Friday, March 27, 2009

ALL MY KIDS ARE MIDDLE AGED

All My Kids are Middle Aged..


I was sitting with a friend at a local Starbucks. Our table was situated so that I was facing the counter and as I idly watched a young woman ordering a latte’ she asked, “Where are the napkins?”

Without looking up, he said, “Over behind the old guys.” She nodded and walked directly behind us, picked up the napkins and walked out of the shop. It was defining moment in my life.

I could see how they would label my white-haired friend as an ‘old guy’, but my hair was still ‘blondish.’ I guessed the clerk was talking about him.

A few days later, as we were walking out of church, the pastor’s wife commented on a new suit I was wearing. “I really like your suit, Ed. It goes so well with your hair.”

As we walked to the car, I asked my wife, “Do you think that this gray suit goes that well with my blonde hair?” She said, “You have to be kidding.”

I let it go, not wanting to correct her on a Sunday morning.

A few days later, one of our sons came by to visit and I made a comment about the bald spot starting to gain territory on the back of his head.
He laughed and said, “Like father, like son.”

I wanted to ask him what he meant by that but felt it was better for him to not talk about his balding any further.

Later, after he left, I asked my wife, “I wonder what he meant by ‘like father, like son.’ Funny remark, don’t you think?”

She shook her head from side to side and sighed deeply. “Come with me,” she commanded, taking me by the hand and marching me to the bathroom.

She took a large make-up mirror and held it to the back of my head. I jumped with a start. I had a bald spot twice the size of my son’s.

“When did that start?” I gasped. She smiled and said, “About ten years ago, when your hair turned gray.”

I left her there, smirking at me in the mirror and vowed to never use a mirror like that again. Easy enough for her to judge someone. Her hair seems to get darker every time she goes to the beauty parlor.

A few weeks later, the kids all came over for my birthday dinner. You feed them and they all come; wives, husbands and kids. I don’t know about you, but I really like having birthday parties and getting presents. Not big ones, mind you. I just like getting any presents. I can’t figure out why my wife avoids birthday parties.

I checked out my other sons and noticed that two others were facing the same problem as the first and was more than shocked to see that my youngest daughter’s hair was almost as gray as mine. By now I had spent enough time with my wife’s magnifying mirror to believe that I was at least starting to turn gray.

One of my grandsons gave me a gift he had wrapped himself. He hugged me and with a wide smile exclaimed, “It’s for you Poppa! Daddy and I picked it out.”

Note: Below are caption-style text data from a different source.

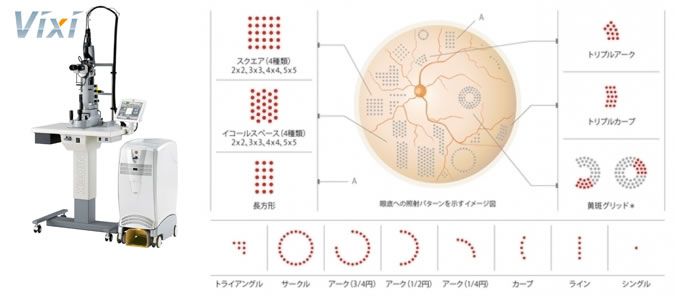 マルチカラースキャンレーザー光凝固装置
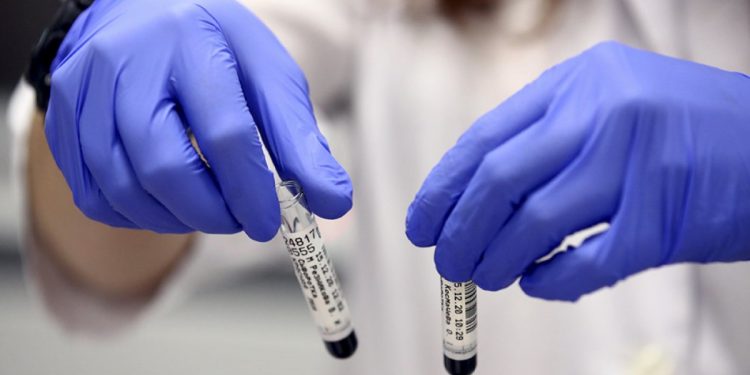 Штамм коронавируса "Омикрон"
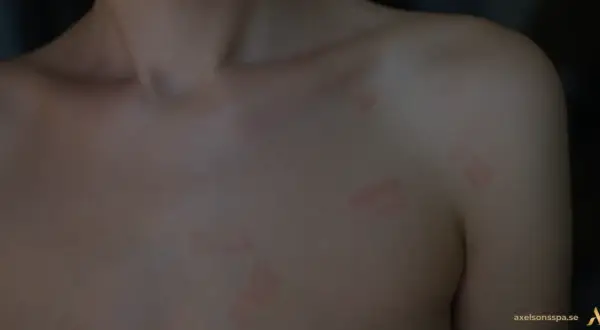 Hud med röda fläckar, möjligtvis stressutslag, på bröstet och axeln.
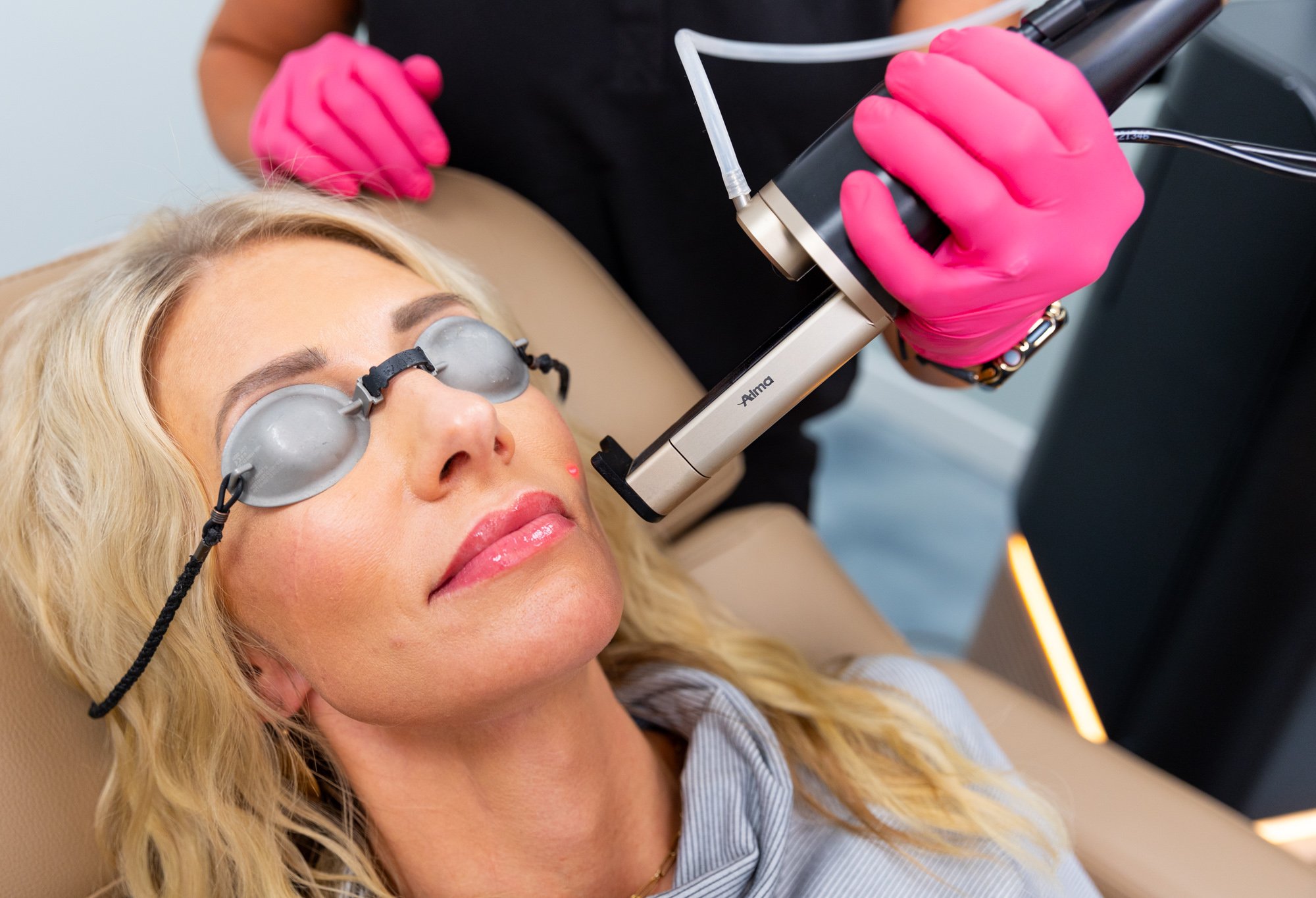 A woman lying on a treatment chair during a cosmetic procedure with protective glasses. A practitioner, wearing a black uniform and pink gloves, is holding a device above her face.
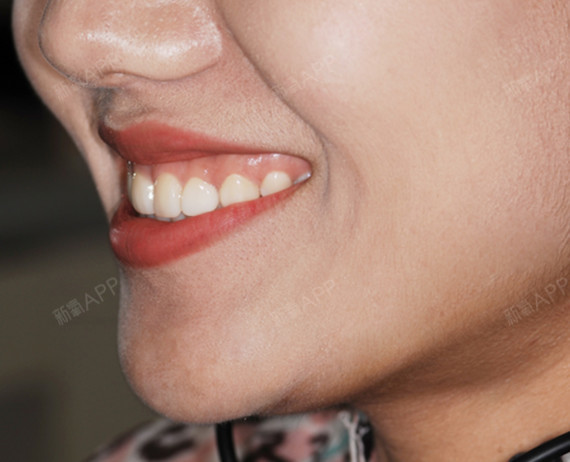 大,影响美观,不敢笑 检查:上前牙散在间隙,2 3间隙偏大,前牙咬合紧,下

I opened it as he jumped up and down and I finally pulled out a new cap. Across the front, it read “Old Guys Rule.” Everyone laughed and clapped. I went to another package to sort of move everyone off that subject, and with my new cap on my head, pulled out a Tee shirt, picked up by one of the kids when they were in Hawaii.

The front of the shirt read, “Older than Dirt.” Everyone laughed. This wasn’t going well.

A few days later I received a call that ended it all. It was a fellow I knew from high school. He wanted to be sure I would attend our 55th class reunion.

“We old guys have to stick together,” he laughed. I sighed deeply.

I looked in the bathroom mirror long and hard that night. I finally figured it out. It really wasn’t me. It is just that all my kids are middle-aged.